The Boca Raton Junior League marks its 50th year
The old trope of the Junior League’s white-gloved approach to community service may have held true across America in the 1950s—but that was then. Today’s League is still all about community, but the projects are serious life changers. And the impact is deep.
The League is an outgrowth of what was in the 1970s the old Junior Service League in Boca, which 27 women formed in 1971, just a few years after IBM arrived in Boca Raton, the Boca Raton Community Hospital was dedicated, the 26-story pink tower at the Resort went up and Marymount College became the College of Boca Raton.
“We started the League because Boca was expanding, and a number of Junior League members moved to Boca [from Fort Lauderdale and other places],” recalls Jeanne Bauer, now 89, who is one of the three original founders of the Junior Service League, along with Joan Moseley and LeeAnn Burns. “We would have to drive to Fort Lauderdale and the League to do our volunteer things. We felt that Boca should start a League,” she says.

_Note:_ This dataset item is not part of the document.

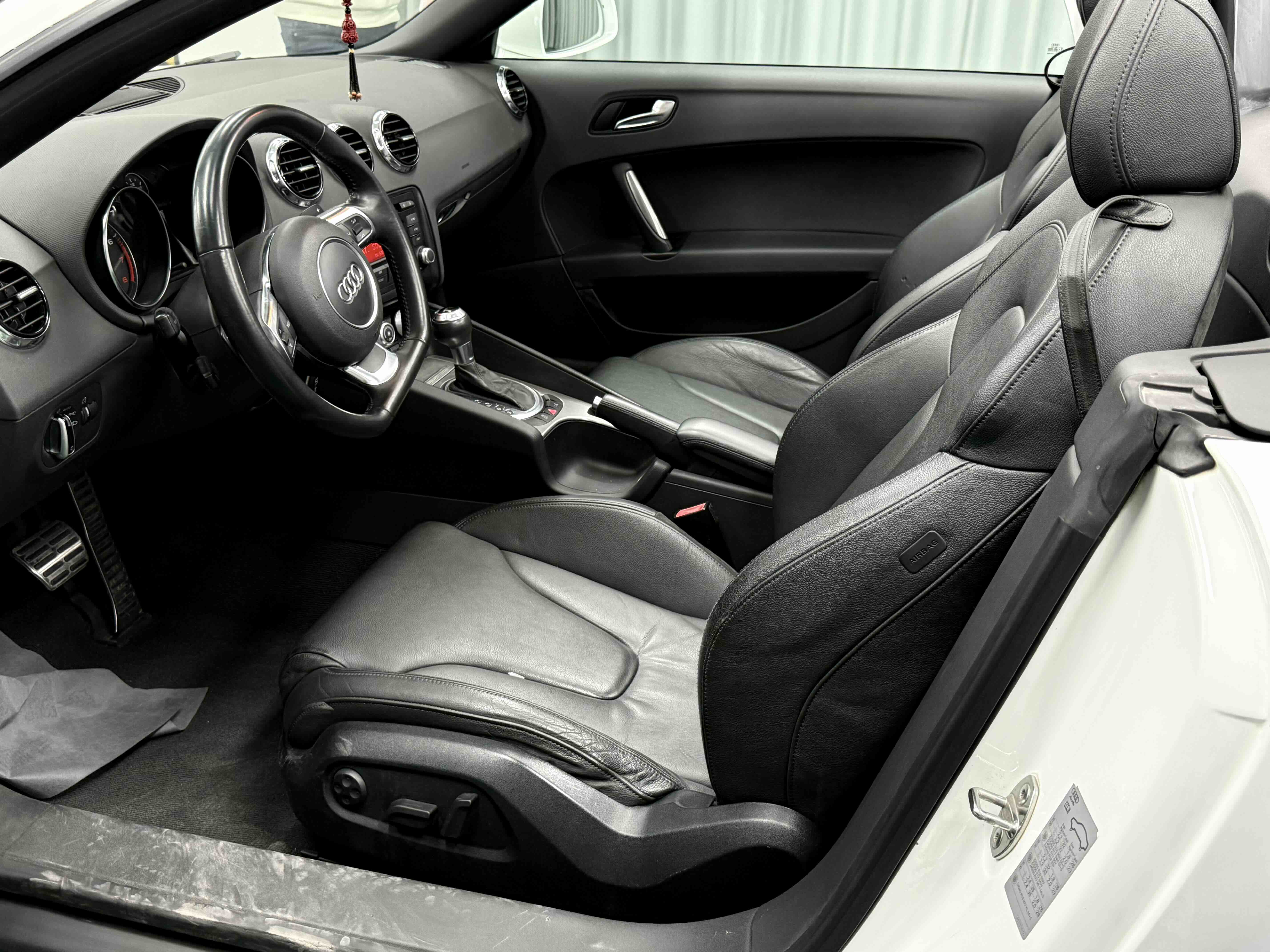 Audi TT 2011 #6 Audi TT 2011 car image #6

“Joan flew to New York to get the bylaws for us to start our own league, but it couldn’t be a Junior League till it had a number of members under the age of 35. And that took us 20 years to finally get it all together—but we did start the Junior Service League.”
Bauer says back then most women were “housewives,” and the league was very different than it is today.
“It was so different then,” she says. “You had to be ‘known’ by so many people [before you were accepted into membership], and it was all the white-glove-and-reception-line thing. I am so glad it’s changed.”
In those early years, the Junior Service League focused on creating a Boca Raton Historical Society (under its “first motivator” Patsy Chamberlain, according to Baur) and organizing fundraisers to support it from the Front Porch Consignment Shop (1975) to traveling puppet shows, tennis tournaments and more. A campaign was also launched to relocate and restore the old Myrick house (ca. 1917) into the Singing Pines Children’s Museum (1976-1979), and along the way, the Fruit Mart (1976) emerged, distributing 20,000 pounds of fruit to community agencies. By 1977, there were 85 members; by 1984, it became an official Junior League.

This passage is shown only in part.